REQUIREMENT =>
Transcribe each entry shown below with no difference from the original.

SUPPLIED INFORMATION =>
----
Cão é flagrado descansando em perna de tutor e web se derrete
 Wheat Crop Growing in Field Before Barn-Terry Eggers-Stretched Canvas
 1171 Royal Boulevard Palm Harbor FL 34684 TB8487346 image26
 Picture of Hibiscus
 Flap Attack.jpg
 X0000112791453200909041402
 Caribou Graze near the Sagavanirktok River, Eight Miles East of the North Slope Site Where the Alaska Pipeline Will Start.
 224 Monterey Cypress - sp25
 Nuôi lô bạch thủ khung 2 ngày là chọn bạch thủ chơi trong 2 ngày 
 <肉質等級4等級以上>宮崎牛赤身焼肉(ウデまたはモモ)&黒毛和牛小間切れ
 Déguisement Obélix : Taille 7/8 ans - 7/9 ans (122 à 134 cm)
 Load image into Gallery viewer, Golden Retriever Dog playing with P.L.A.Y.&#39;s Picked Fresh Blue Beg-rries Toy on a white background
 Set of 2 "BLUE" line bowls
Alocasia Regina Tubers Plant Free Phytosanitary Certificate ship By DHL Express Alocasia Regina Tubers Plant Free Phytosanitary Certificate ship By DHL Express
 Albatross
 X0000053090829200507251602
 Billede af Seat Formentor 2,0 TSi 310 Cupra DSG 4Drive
----
EXERCISE ANSWER =>
Cão é flagrado descansando em perna de tutor e web se derrete
 Wheat Crop Growing in Field Before Barn-Terry Eggers-Stretched Canvas
 1171 Royal Boulevard Palm Harbor FL 34684 TB8487346 image26
 Picture of Hibiscus
 Flap Attack.jpg
 X0000112791453200909041402
 Caribou Graze near the Sagavanirktok River, Eight Miles East of the North Slope Site Where the Alaska Pipeline Will Start.
 224 Monterey Cypress - sp25
 Nuôi lô bạch thủ khung 2 ngày là chọn bạch thủ chơi trong 2 ngày 
 <肉質等級4等級以上>宮崎牛赤身焼肉(ウデまたはモモ)&黒毛和牛小間切れ
 Déguisement Obélix : Taille 7/8 ans - 7/9 ans (122 à 134 cm)
 Load image into Gallery viewer, Golden Retriever Dog playing with P.L.A.Y.&#39;s Picked Fresh Blue Beg-rries Toy on a white background
 Set of 2 "BLUE" line bowls
Alocasia Regina Tubers Plant Free Phytosanitary Certificate ship By DHL Express Alocasia Regina Tubers Plant Free Phytosanitary Certificate ship By DHL Express
 Albatross
 X0000053090829200507251602
 Billede af Seat Formentor 2,0 TSi 310 Cupra DSG 4Drive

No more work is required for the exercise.